Glynn Clements glynn.clements@virgin.net
Mon, 4 Aug 2003 12:07:02 +0100


Keith Wansbrough wrote:

> > If TAB is treated as layout-unsafe (as it should be) then this rule change
> > will break some existing code, but only code that deserves to be broken.
> > If TAB is treated specially as it currently is, this change should not
> > break any existing code.
> 
> Alternative: make the column value a partial order: identical white
> space is equal indent, additional white space increases the indent and
> less decreases it, but different white space is incomparable.  In
> other words, you can use whatever mix of spaces and tabs you like, as
> long as you use it consistently.  Eight spaces, four spaces, and one
> tab are all different, but if you always use one tab you're fine.
> Like this:
> 
> -- suggested whitespace partial order for layout
> 
> import Char
> import List
> 
> -- |Opaque indent value type
> data Indent = Indent String deriving Show
> 
> -- |Given a line, compute the indent of that line
> indentOf :: String -> Indent
> indentOf s = Indent (takeWhile isSpace s)
> 
> -- |Compare two indents (NB: partial order)
> cmpIndent :: Indent -> Indent -> Maybe Ordering
> cmpIndent (Indent s1) (Indent s2) | s1 == s2         = Just EQ
>                                   | isPrefixOf s1 s2 = Just LT
>                                   | isPrefixOf s2 s1 = Just GT
>                                   | otherwise        = Nothing
> 
> This way, it doesn't matter how wide any whitespace character is, or
> even what tab width you use.  The system doesn't even need to know -
> and any Unicode whitespace character can be used, not just the Latin-1
> "isSpace" ones.

But note that your algorithm doesn't specify what would happen if you
had used tabs instead of spaces on the last three lines above.
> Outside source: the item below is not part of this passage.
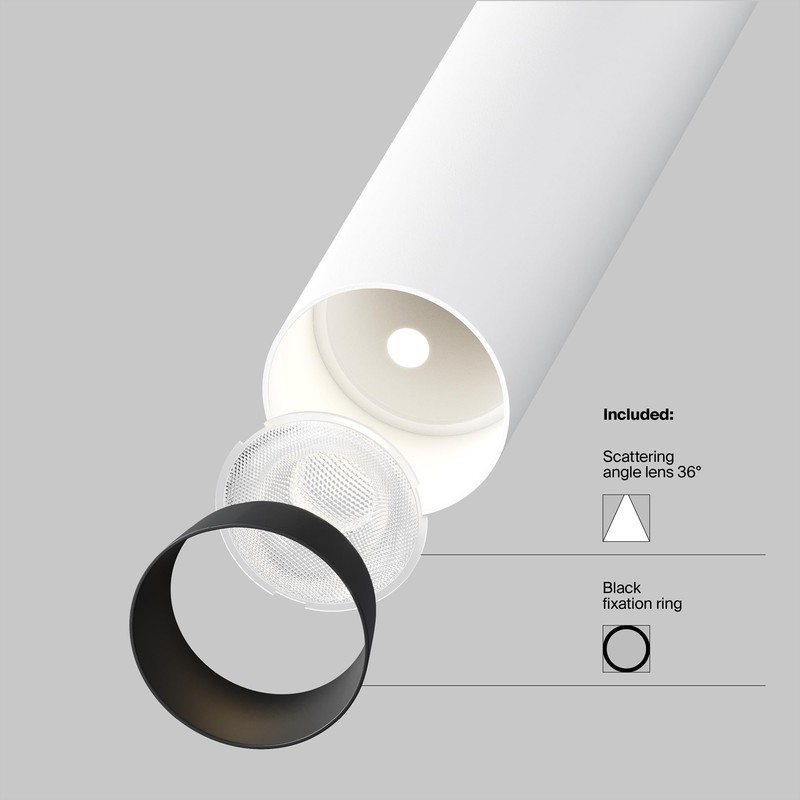 Maytoni Modern Recessed Spotlight Focus T LED Including White Aluminium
If you
allow tabs, you need to know exactly what they represent.

There is nothing wrong with the current layout rules[1]; they don't
need to change.

[1] Regarding tabs, that is; there *is* a problem when you start
dealing with characters which aren't necessarily "one character cell"
wide (e.g. CJK).

-- 
Glynn Clements <glynn.clements@virgin.net>